Students across Alberta in Grades 7 to 12 will see in-class learning halted from Nov. 30 until Jan. 11. Diploma exams are optional for rest of the school year, and “students and families can choose to write an exam or receive an exemption for the April, June and August 2021 exams.”

Students in Kindergarten to Grade 6 will continue in-class learning until Dec. 18 and will move to at-home learning until Jan. 8, not including the winter break. In-person classes will resume on Jan. 11.

“These measures are tough but they are necessary,” Kenney said. “They are needed to protect our healthcare system from being overwhelmed and to ensure that Albertans can access care for medical needs besides COVID-19.”

When asked why the provincial government has not introduced stricter restrictions at this point, Alberta’s premier stressed the importance of maintaining “fundamental Charter protected rights and freedoms.”

“In so much of the debate, where have we forgotten about the Charter of Rights and Freedoms? Since when should governments start with impairment of fundamental Charter protected right and freedoms rather than engage in such an impairment as a last and final resort,” he said.

But Kenney did not rule out the possibility of more restrictive measures coming into place following the three week period, based on metrics like Alberta’s effective reproductive value and stress on the healthcare system.

“If we do not start to bend the curve with this latest round of measures and greater effort by Albertans, let me be blunt, we will impose stricter measures” he said.

“We resisted calls for a lockdown of our society because of the profound damage it would cause, especially for the poor and the vulnerable who are most affected by policies like that, by throwing hundreds of thousands of people out of work and deepening the mental health crisis.”

With regards to businesses, the premier admitted his government made a “grave mistake” in the spring when a “stupidly arbitrary” distinction was made between essential and non-essential retail businesses.
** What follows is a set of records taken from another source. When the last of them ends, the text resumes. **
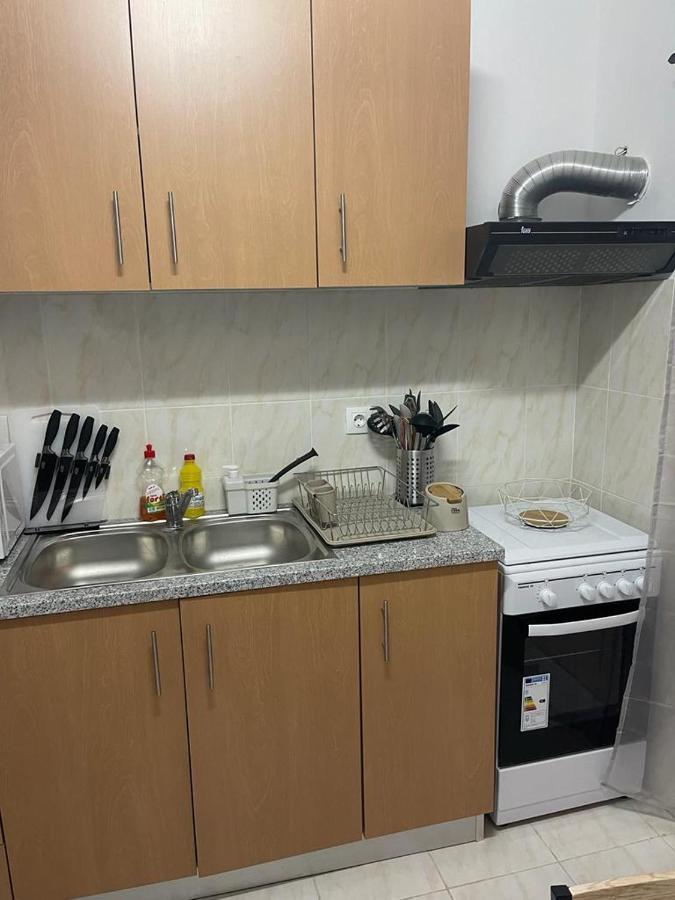 Apartamento Vila Santa Barbara ,Bloco F Rchao Dirt,Santo Antao,Cabo Verde Ribeira Grande Exterior foto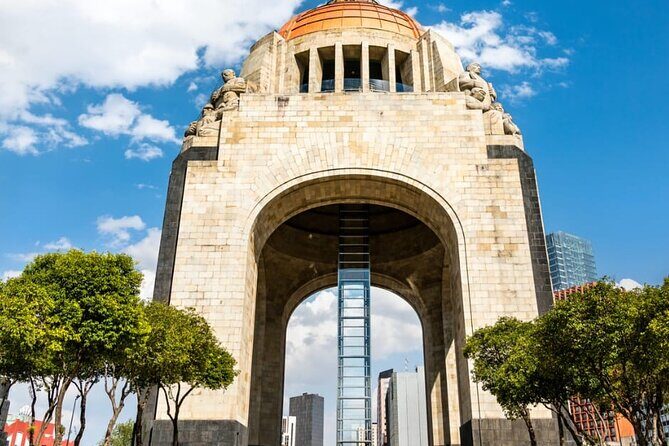 Historical Center of the CDMX on foot - Practical Aspects of the Tour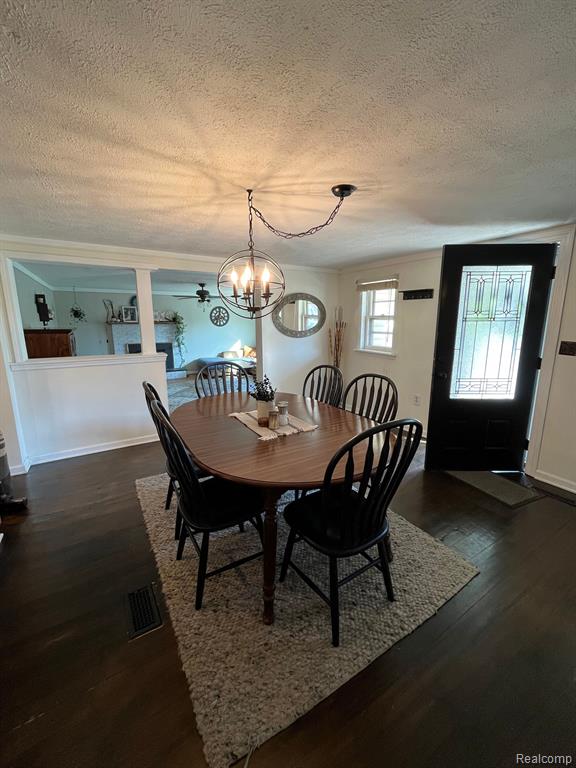 425 SCHOOLHOUSE Street, Ortonville, MI 48462 — Photo 12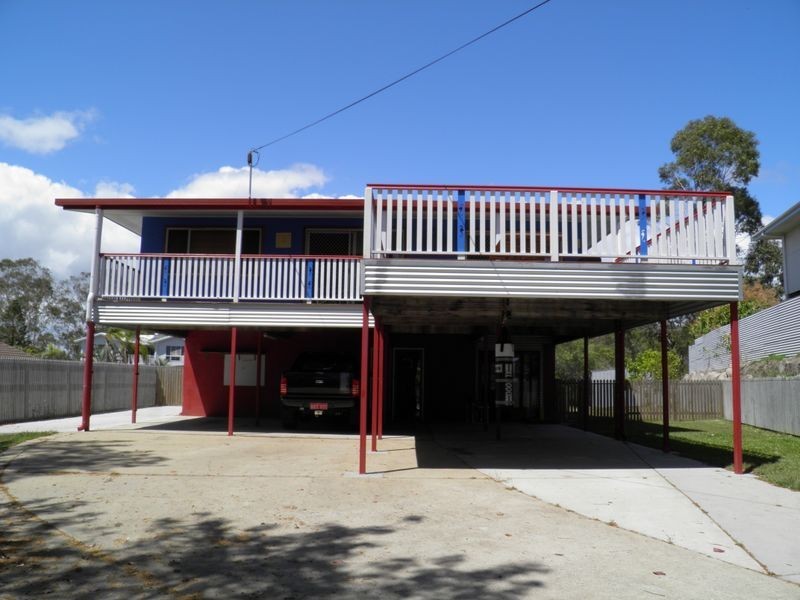 17 Chauvel Court, Boyne Island QLD 4680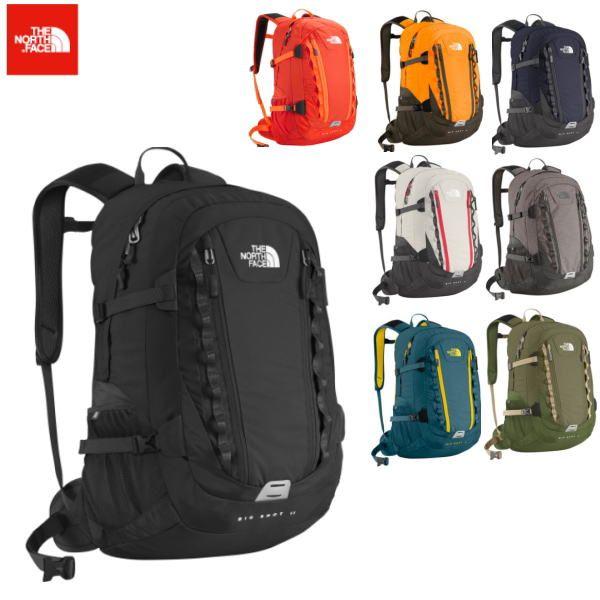 ザ ノースフェイス ビッグショット 2 デイパック リュックサック THE NORTH FACE BIG SHOT II NM71450 /【Buyee】 ザ ノースフェイス ビッグショット 2 デイパック リュックサック THE NORTH FACE BIG SHOT II NM71450 /【Buyee】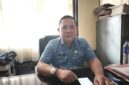 Kabid Pendidikan Dasar Disdik Kota Bandar Lampung, Mulyadi, saat ditemui di ruang kerjanya.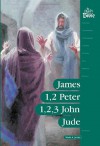 James, Peter, John, Jude (People's Bible) - Mark A. Jeske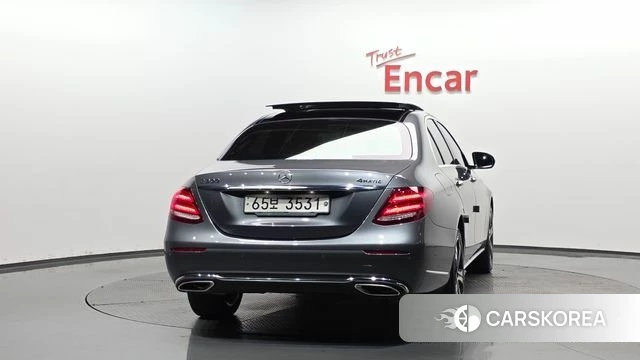 Mercedes-Benz E-Class W213 id 4508300 из Кореи 23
Kenney said this allowed massive international retailers like Walmart and Costco to sell “everything” because they have grocery and pharmaceuticals, while shutting down thousands of small and medium-sized businesses.

“We tried to undo that as quickly as we realized it and saw the impact, but we are not doing that now,” Kenney said. “We are putting a capacity limit because we have to do some things to limit general social and community transmission.”

For anyone who is upset about these new restrictions, “it’s not good enough to complain.”

“You tell us, how are we going to ensure timely access to health services for people who need them if the hospitals get crowded out with a growing number of COVID patients? If there’s somebody with a way of doing that, without any restrictions, I’d like to know what it is.”